Johnson Beach 2020, sandy passage to the beach
Gulf Islands National Seashore offers recreation opportunities and preserves natural and historic resources along the Gulf of Mexico barrier islands of Florida and Mississippi. The protected regions include mainland areas and parts of seven islands. Some islands along the Alabama coast were originally considered for inclusion, but none is part of the National Seashore.
The color of the sand in the region is exceptionally white, as seen in this 1957 photo at Pensacola Beach, Florida, adjacent to the protected area designated in 1971.
The Florida District of the seashore features offshore barrier islands with sparkling white quartz sand beaches (along miles of undeveloped land), historic fortifications, and nature trails. Mainland features near Pensacola, Florida, include the Naval Live Oaks Reservation, beaches, and military forts. All Florida areas are accessible by automobile.

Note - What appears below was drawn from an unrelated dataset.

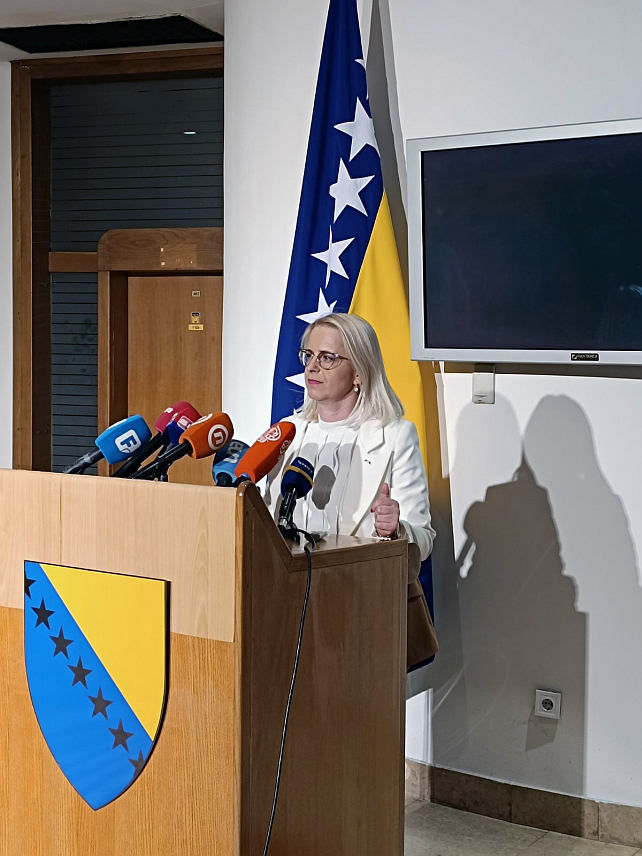 САРАЈЕВО, 31. ЈАНУАРА /СРНА/ - Делегат Клуба српског народа Сњежана Новаковић Бурсаћ изнијела је низ примједби на текст измјена Изборног закона које се, између осталог, тичу интегритета изборног процеса и увођења нових технологија.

The Mississippi District of the seashore features natural beaches, historic sites, wildlife sanctuaries, islands accessible only by boat, bayous, nature trails, picnic areas, and campgrounds. The Davis Bayou Area is the only portion of the National Seashore in Mississippi that is accessible by automobile. Petit Bois, Horn, East Ship, West Ship, and Cat islands are accessible only by boat. The 4,080 acres (16.5 km2) Gulf Islands Wilderness offers special protection, within the seashore, to parts of Petit Bois Island and Horn Island, Mississippi.
Considerable damage to public infrastructure occurred as a result of storms during the 2004 and 2005 Atlantic hurricane seasons. In subsequent years, infrastructure was fully repaired. All roadways, parking areas, campgrounds, and visitor centers have been repaired and are fully operational. A few trails and associated boardwalks and dune crossovers were still under repair as of late 2010, especially near the Fort Pickens campground.